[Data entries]
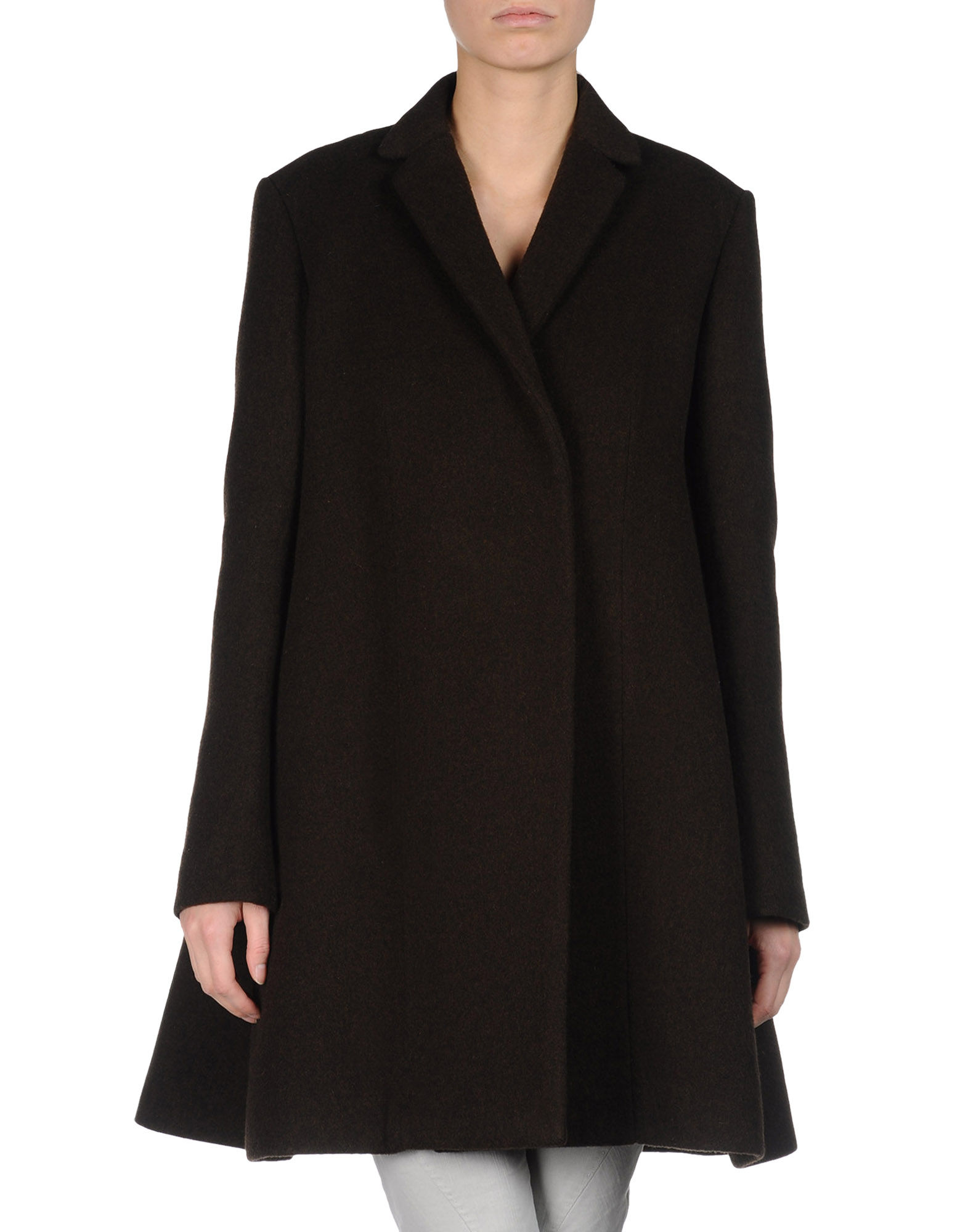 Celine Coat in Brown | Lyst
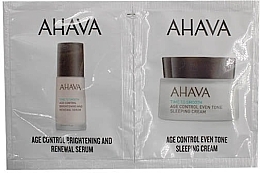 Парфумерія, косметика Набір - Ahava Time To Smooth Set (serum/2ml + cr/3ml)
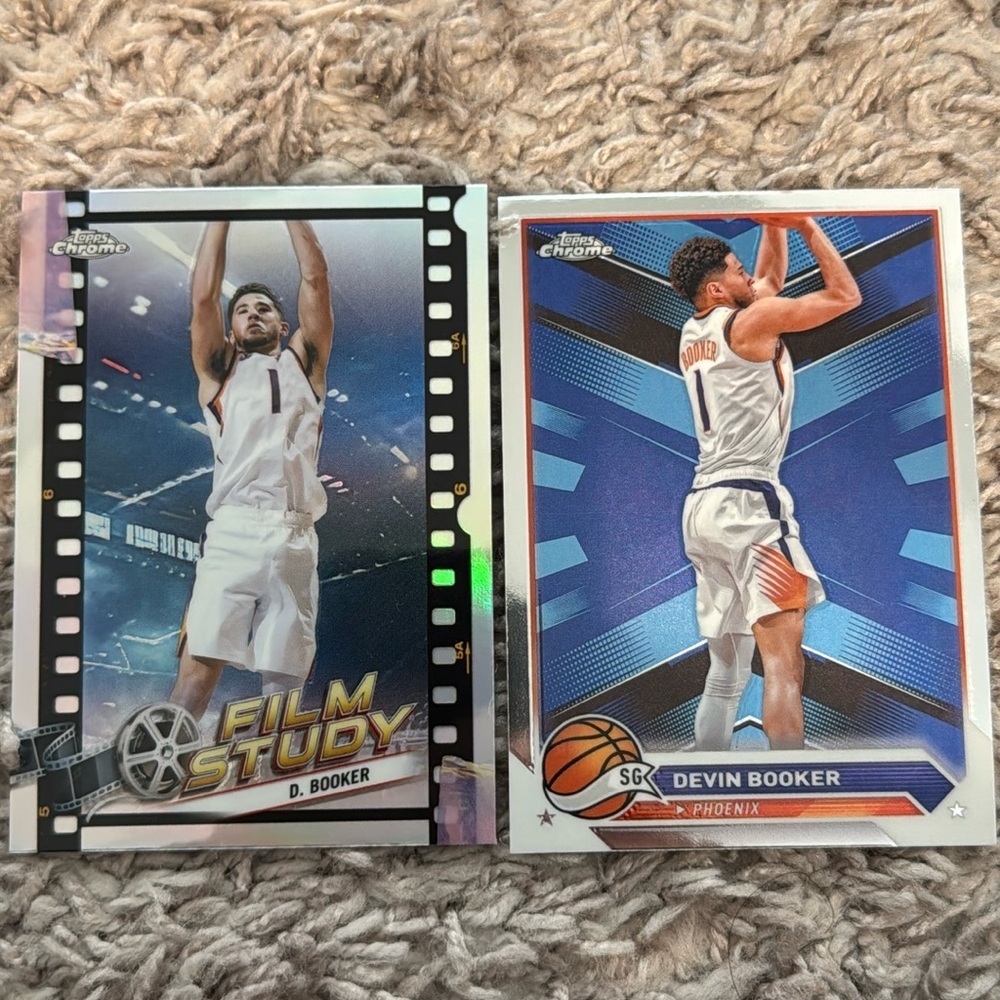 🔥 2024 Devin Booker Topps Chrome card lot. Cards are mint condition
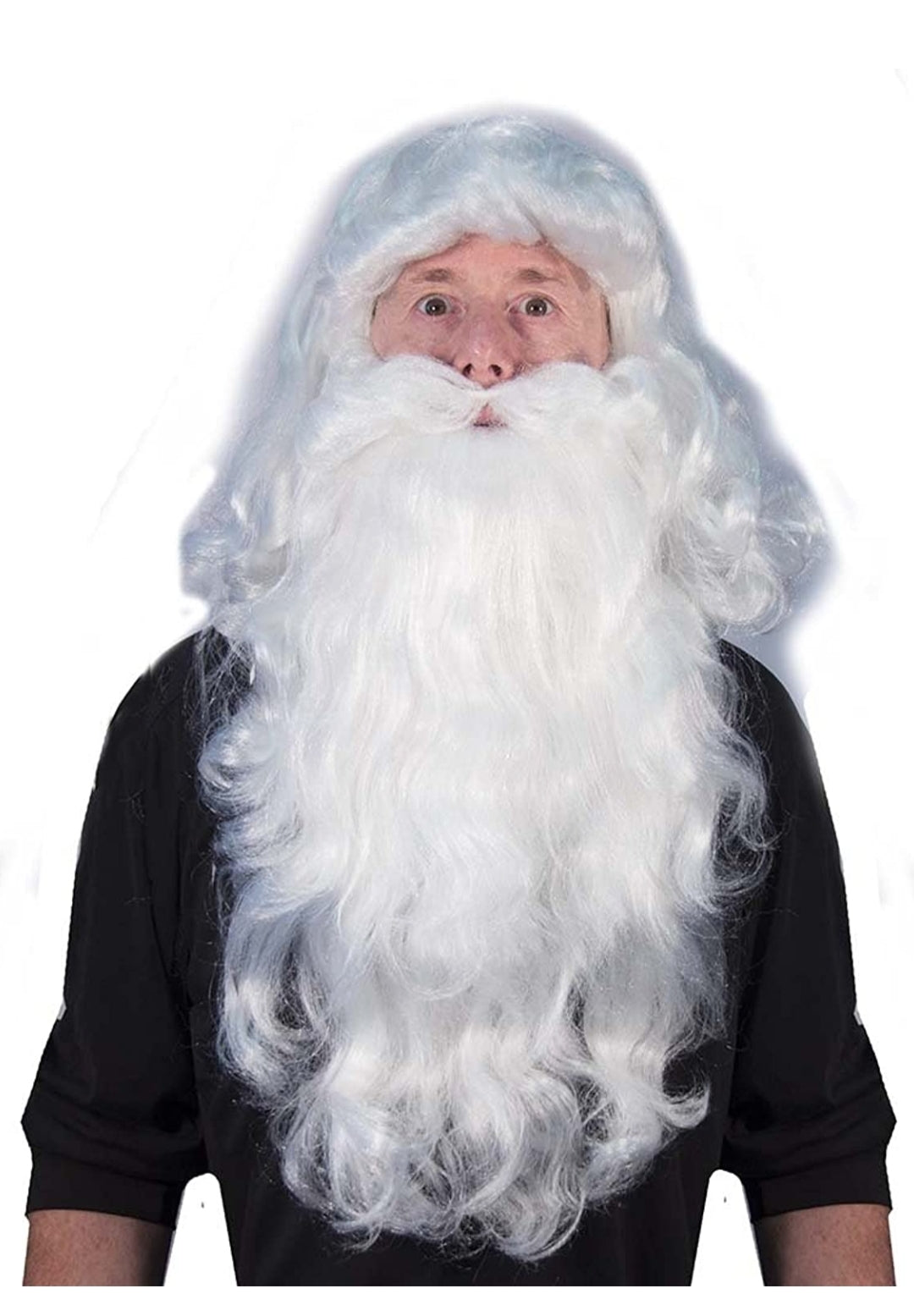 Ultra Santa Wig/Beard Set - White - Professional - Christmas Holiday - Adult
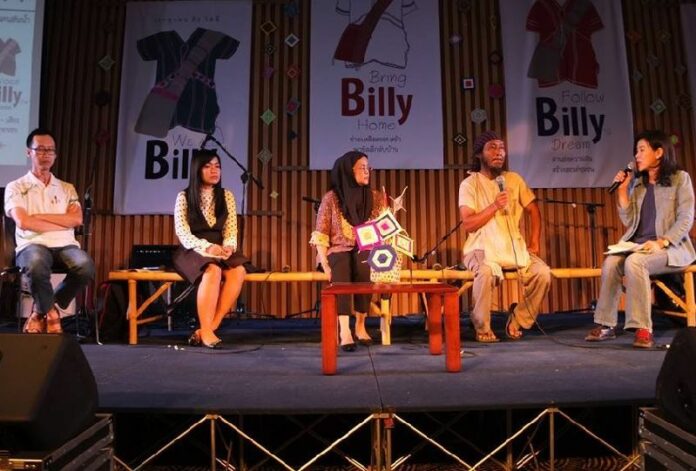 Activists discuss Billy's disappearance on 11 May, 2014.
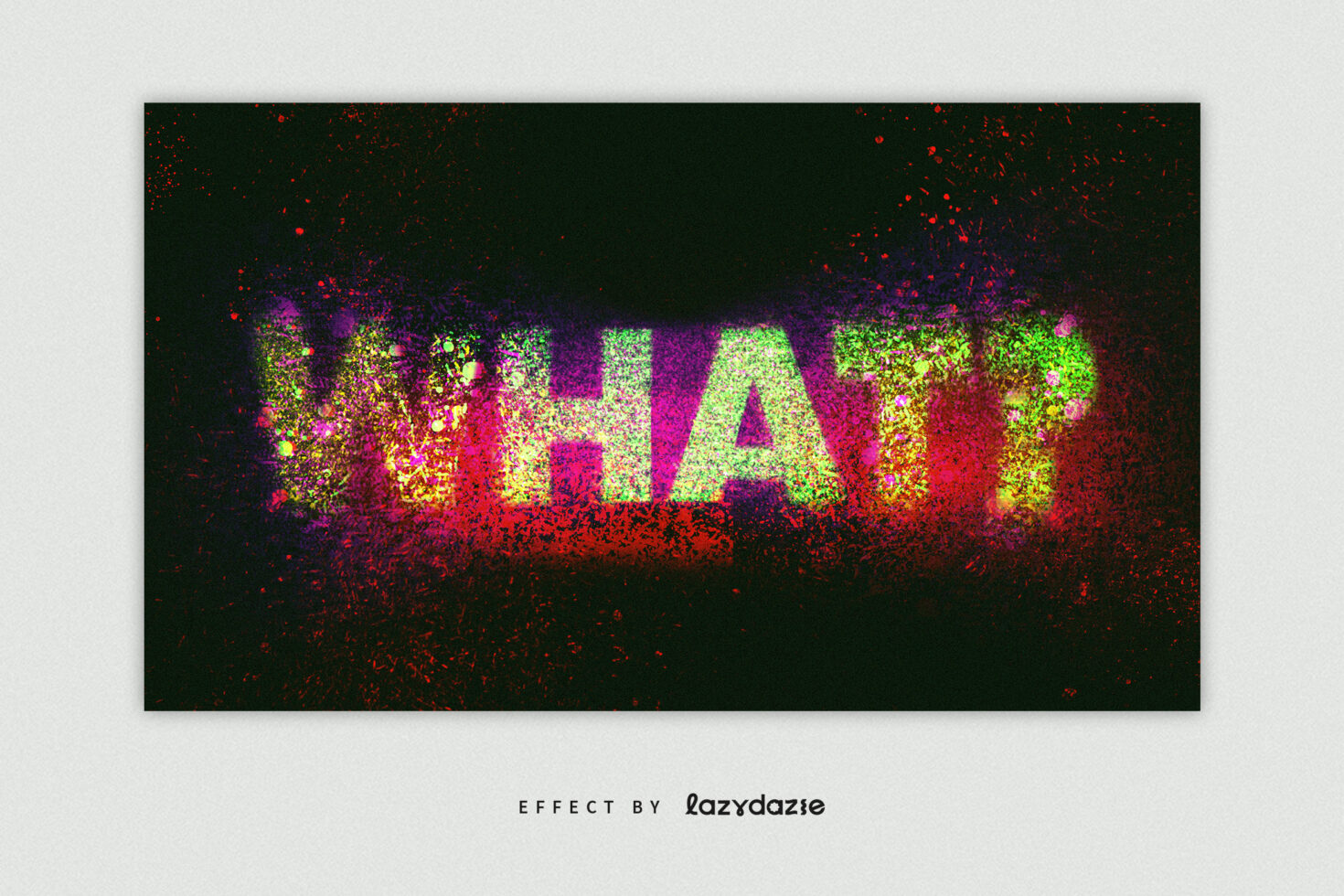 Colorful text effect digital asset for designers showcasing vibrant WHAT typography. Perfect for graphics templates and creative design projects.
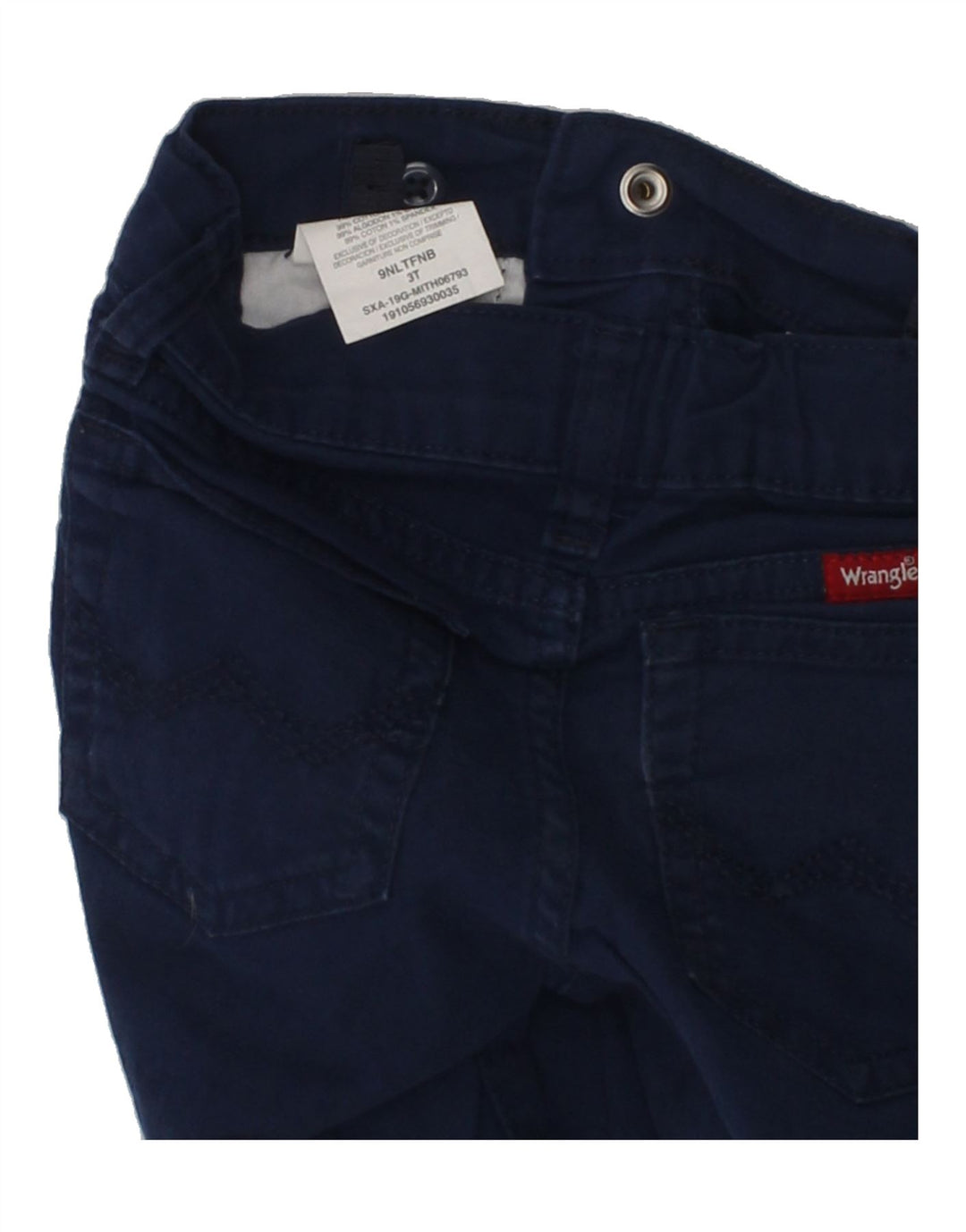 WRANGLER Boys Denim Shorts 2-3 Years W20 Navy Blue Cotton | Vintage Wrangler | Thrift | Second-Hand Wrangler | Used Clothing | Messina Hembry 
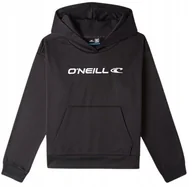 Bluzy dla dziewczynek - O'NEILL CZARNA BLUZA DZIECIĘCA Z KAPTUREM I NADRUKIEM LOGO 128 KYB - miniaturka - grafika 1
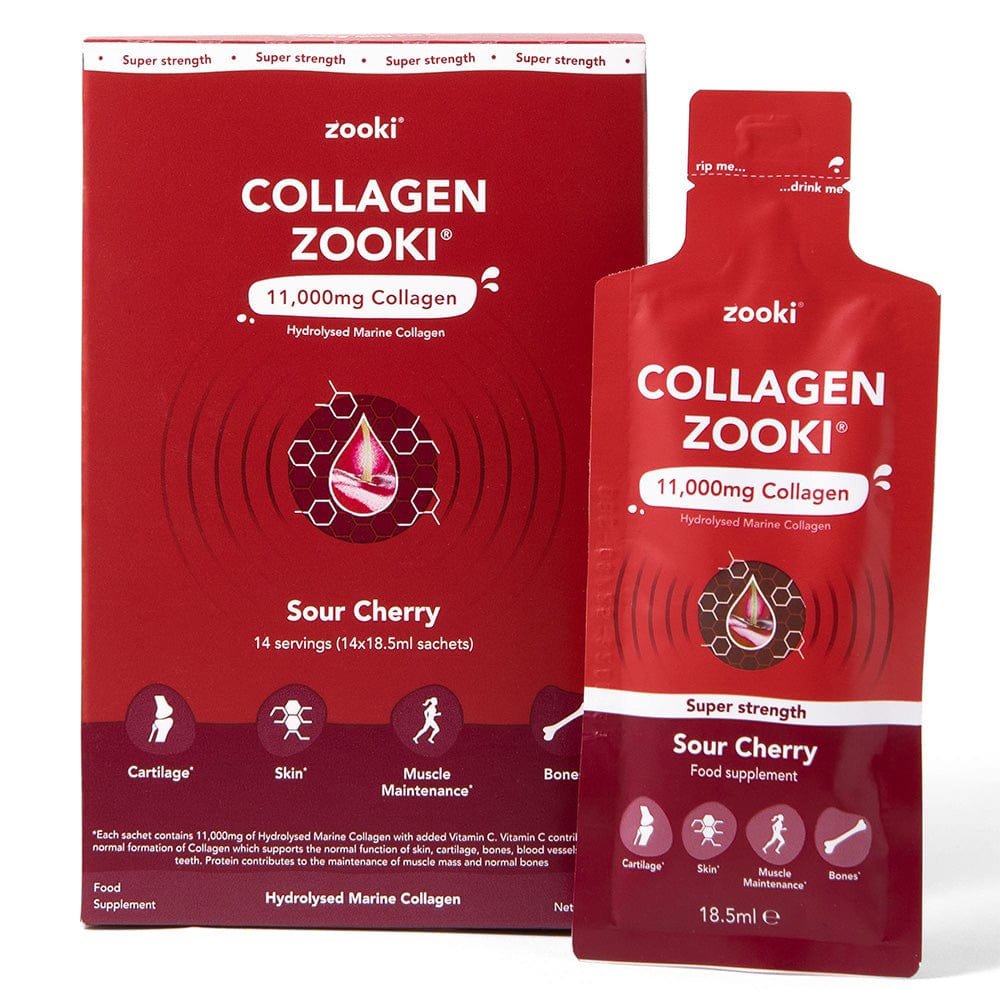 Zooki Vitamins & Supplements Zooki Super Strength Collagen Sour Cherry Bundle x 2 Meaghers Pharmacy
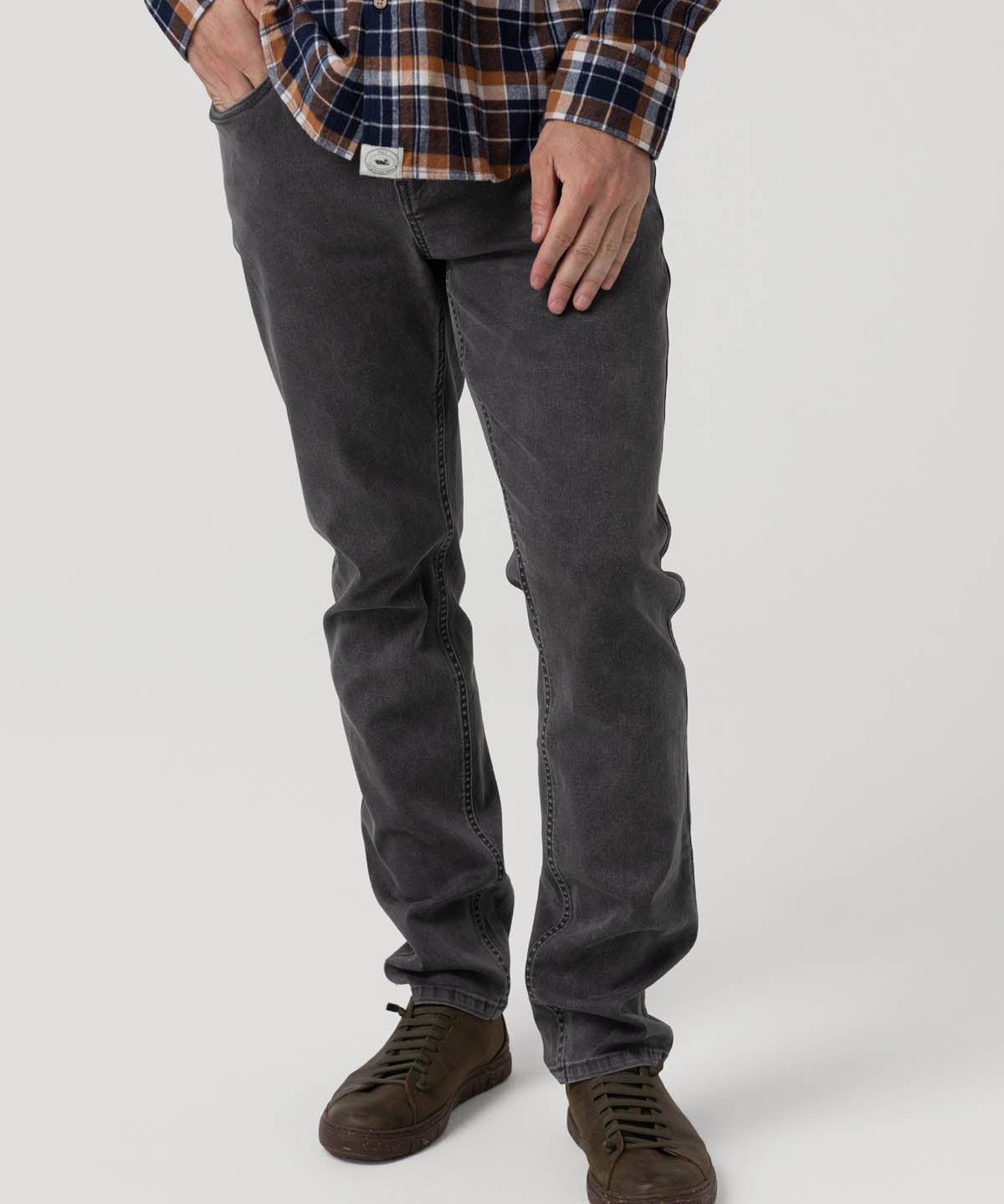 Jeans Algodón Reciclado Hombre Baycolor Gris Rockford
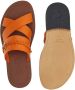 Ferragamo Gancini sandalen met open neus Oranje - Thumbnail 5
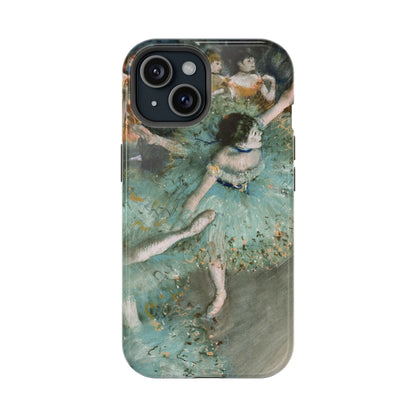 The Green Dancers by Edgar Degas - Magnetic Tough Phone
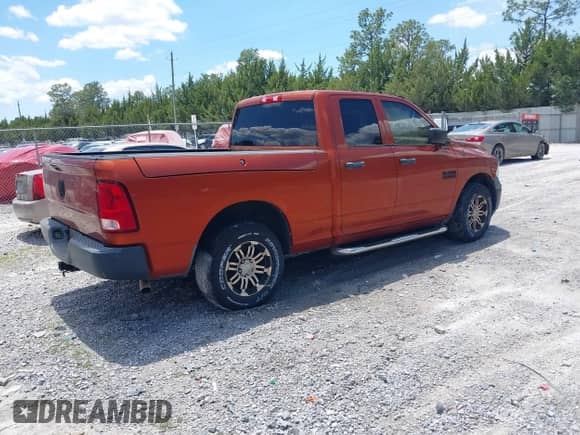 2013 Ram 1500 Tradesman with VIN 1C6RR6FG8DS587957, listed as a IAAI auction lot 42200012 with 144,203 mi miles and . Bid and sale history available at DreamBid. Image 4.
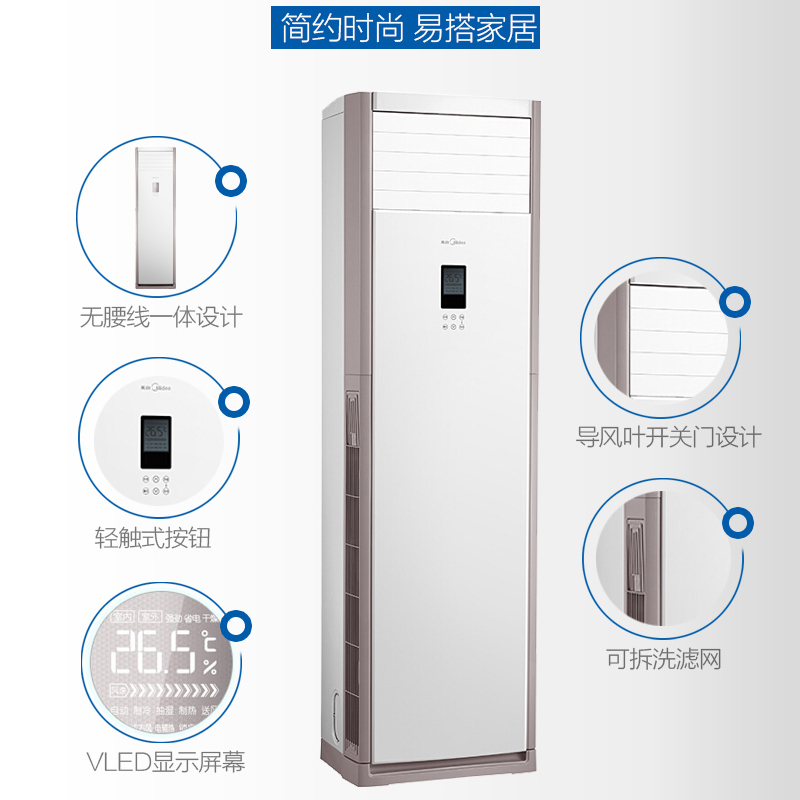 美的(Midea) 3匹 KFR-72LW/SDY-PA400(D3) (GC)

[BRIEF]
Would you please copy, exactly and only, the lines from the one with "WRANGLER Boys Denim" through the end of the entries above, skipping every picture?

[EXERCISE ANSWER]
 WRANGLER Boys Denim Shorts 2-3 Years W20 Navy Blue Cotton | Vintage Wrangler | Thrift | Second-Hand Wrangler | Used Clothing | Messina Hembry 
 Bluzy dla dziewczynek - O'NEILL CZARNA BLUZA DZIECIĘCA Z KAPTUREM I NADRUKIEM LOGO 128 KYB - miniaturka - grafika 1
 Zooki Vitamins & Supplements Zooki Super Strength Collagen Sour Cherry Bundle x 2 Meaghers Pharmacy
 Jeans Algodón Reciclado Hombre Baycolor Gris Rockford
 Ferragamo Gancini sandalen met open neus Oranje - Thumbnail 5
 The Green Dancers by Edgar Degas - Magnetic Tough Phone
 2013 Ram 1500 Tradesman with VIN 1C6RR6FG8DS587957, listed as a IAAI auction lot 42200012 with 144,203 mi miles and . Bid and sale history available at DreamBid. Image 4.
 美的(Midea) 3匹 KFR-72LW/SDY-PA400(D3) (GC)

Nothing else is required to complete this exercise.